В одну из ночей буксиришко, пользуясь высокой водой, притащил землечерпалку; гремя цепями, чудовище выжирало вековое лоно реки: здесь намечалась лесная гавань и приемные трубы водонасосной станции. Река молчала, но желтая кровь длинными полосами, прочертила ее текучее тело. Чудовище исчезло ночью, как и появилось, а утром сотни людей потянули через реку, чуть наискось, стальные тросы и могучие пеньковые канаты; они сооружали запань, преграду для молевого сплава, основные массы которого уже тащились где-то по верховьям. Река цвела людьми, а люди песнями, и хотя была суббота, Кир не посмел ударять в скитское било: да и некого становилось звать на вечерни…

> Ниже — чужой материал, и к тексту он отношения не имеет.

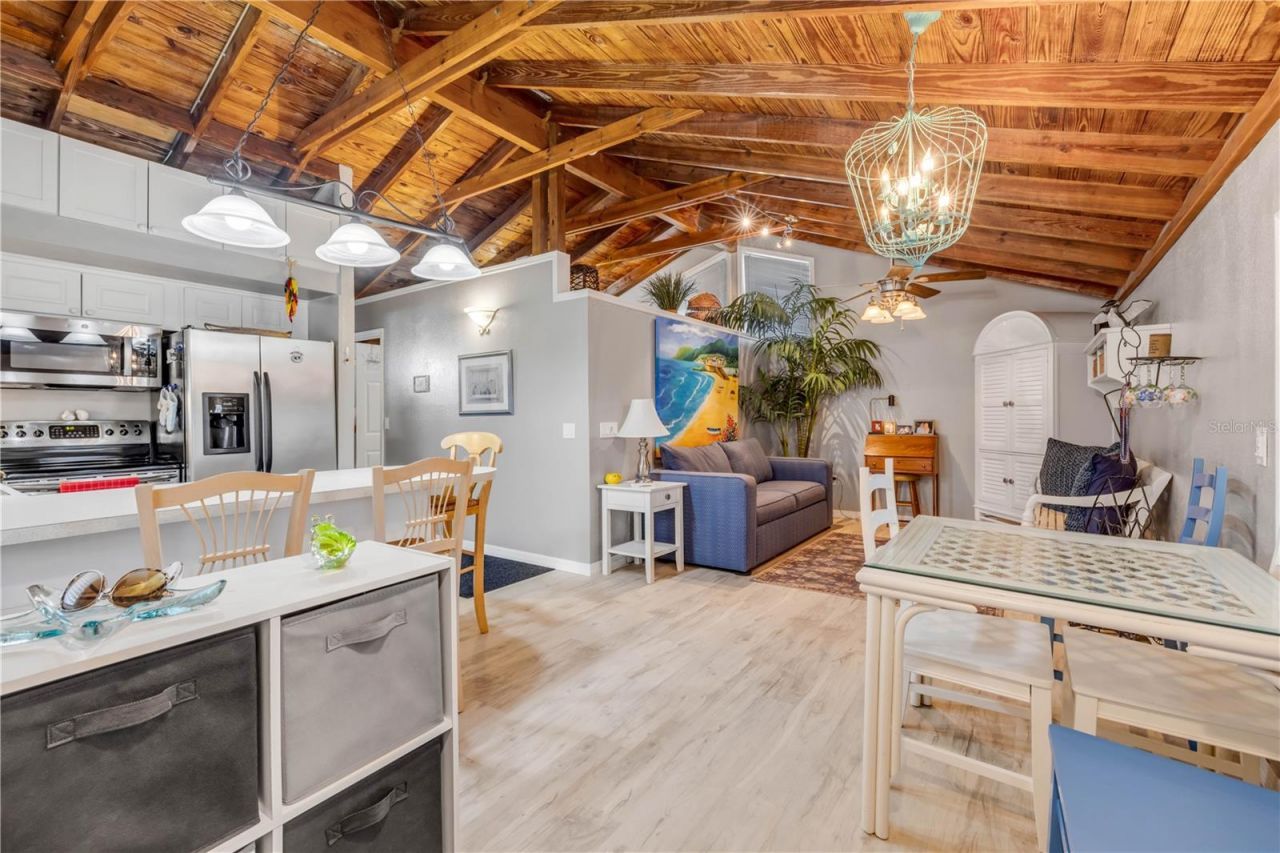 106 Live Oak Street, New Smyrna Beach, FL 32168 Photo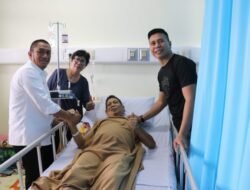 Wujud Kepedulian, Bupati Luwu Timur Jenguk Langsung Warganya di RS Unhas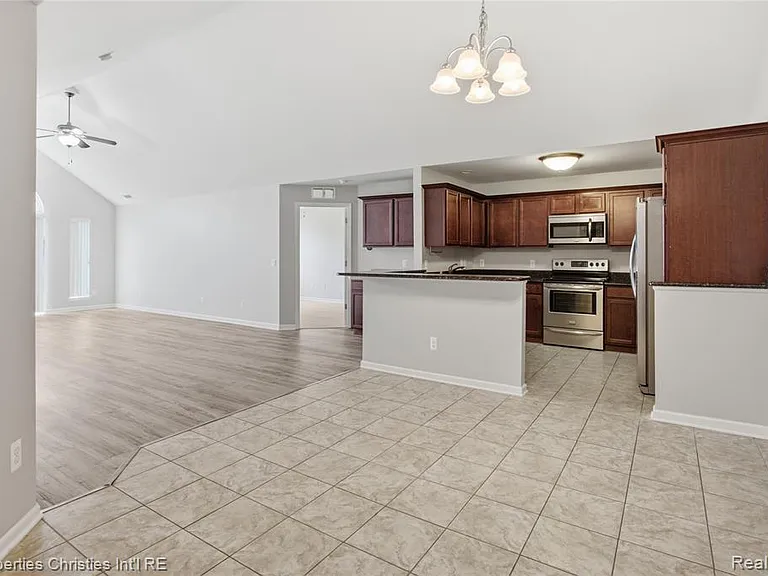 8413 Heywood Cir — Photo 8
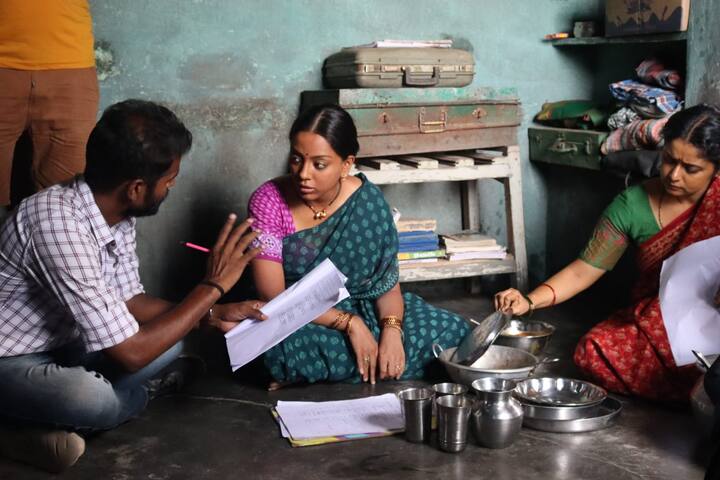 షెల్లీ, దేవియాని శర్మకు సన్నివేశం వివరిస్తున్న మహి వి రాఘవ్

…все медлил враг. Строители полюбили это место, с которым связала их судьба. Стройке, которая сотни раз повторялась на материке, они придавали особое величественное значенье; когда представитель губернской инспекции спросил у Фаворова, что делают на машине, чертеж которой валялся на столе, тот ответил с задором: социализм!.. А то была всего лишь монтажная схема машины для дезаэрации воды, которую изготовляли для Сотьстроя за границей. «Ловок на язык!» – не без зависти подумал Увадьев, заметив улыбку Сузанны, а сам тем же вечером крикнул на производственном совещании фразу, хлестнувшую как лозунг: «Работайте, как черти! Про вас песни сложат…» Не было, пожалуй, надобности их понукать, и Потемкин верил, что только из ложного достоинства Ренне, старейший возрастом, держался за свой скептицизм.
– Вы чудак, Филипп Александрович, – убеждал Потемкин, и исхудавшие пальцы его играли, как у пианиста, – вы все еще видите в нас беспочвенных босяков, посягнувших на историю. Вы заражены старыми, российскими масштабами… для вас и Петр катастрофа! Ха, босяки правят богами… так? Но, даже минуя огромные социальные смыслы, кто, кто из прежних русских буржуа мог бы затратить тридцать миллионов на целлюлозный комбинат?
– Пока только шесть, – веще и сухо поклонился Ренне и глядел не в глаза, а куда-то в пестренький поясок Потемкина. – Вы живете сто лет спустя – я теперь – я инженер – я заведующий лесозаготовками. Техника не любит наивных – вы хотите высшую математику заменить элементарной. Может быть – вы пишете стихи?